Ziggy wrote:
Tomcat JMX connection - Authentication failed.

I am having some problems setting up Tomcat for JMX. I added the following
properties to CATALINA_OPTS

CATALINA_OPTS="-Dcom.sun.management.jmxremote.port=18070
-Dcom.sun.management.jmxremote.password.file=$CATALINA_BASE/conf/jmxremote.password
-Dcom.sun
.management.jmxremote.ssl=false"

And have added the jmxremote.password file in to the conf directory. I wrote
a client tool that connects to the JMX server running on port 18070. When i
run the client program i get the following error.

Exception in thread "main" java.lang.SecurityException: Authentication
failed! Credentials required
        at
...

Ok, so how does your client provide a username and password to the server's JMX interface, when it connects ?


If i change the CATALINA_OPTS properties to

CATALINA_OPTS="-Dcom.sun.management.jmxremote.port=18070
-Dcom.sun.management.jmxremote.password.file=$CATALINA_BASE/conf/jmxremote.password
-Dcom.sun
.management.jmxremote.ssl=false
-Dcom.sun.management.jmxremote.authenticate=false"

Then it works fine.

Of course, since then there is no authentication required.


 I think what i am confused of is what is classed as
remote access.
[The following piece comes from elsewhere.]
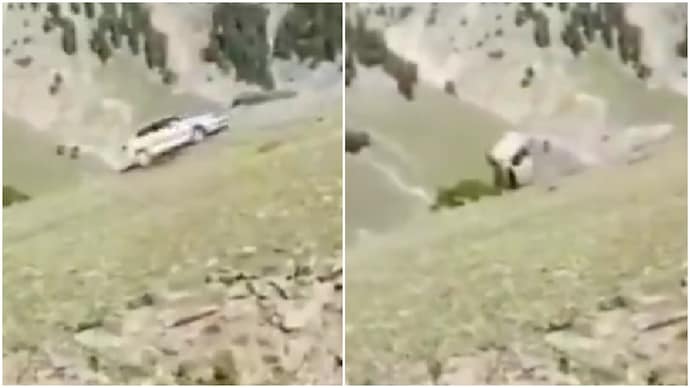 Tourists watch in horror as parked car rolls backwards, falls into gorge in Jammu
I am running the client program away from the Tomcat instance
but both Tomcat and the client tool are on the same machine (i.e. different
virtual machines but same environemnt). I thought i had to configure the
remote authentication if i access the JMX server remotely from a different
machine.

By remote access do they mean accessing the JMX server from any VM either
locally on the same machine or remotely from a different machine?

I believe that in this context, "remote" just means "via a TCP/IP connection".
It does not matter if your client is on the same host or not. If it accesses the "server" via TCP/IP, then it counts as remote.
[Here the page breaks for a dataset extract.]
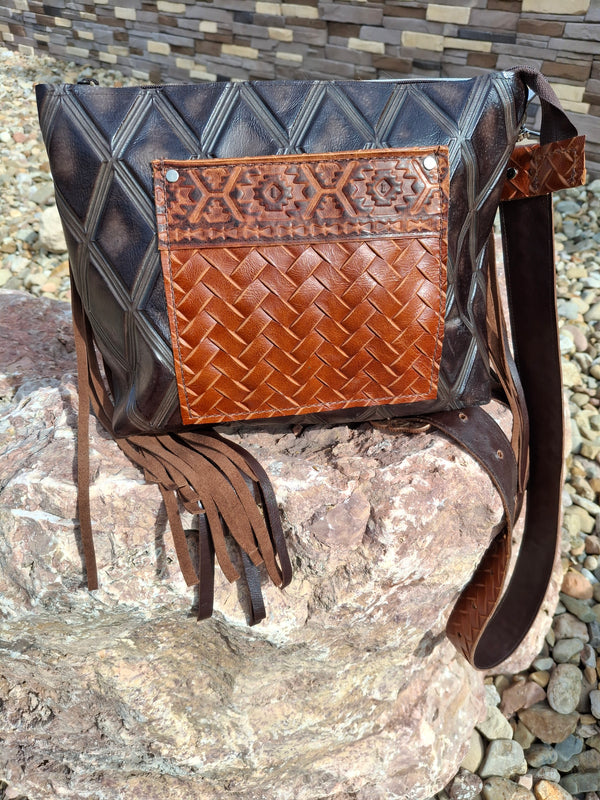 Woven Aztec Desert Style Crossbody Bag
There is another way to connect, limited to local processes running on the same host, but I forget how it is called or how it works. You can see the distinction pretty clearly by using the "jconsole" application, which is included in the JDK.

Note : for the "remote" kind of access, there is another (second) TCP connection used, separate from the port which you indicate with the jmxremote.port parameter. If you are on the same host, it does not matter, but if you really need to connect from another host through a firewall or so, it may.
You may want to have a look here for more info :
http://download.oracle.com/javase/6/docs/technotes/guides/management/agent.html#gdevo
(see the section :  Monitoring Applications through a Firewall)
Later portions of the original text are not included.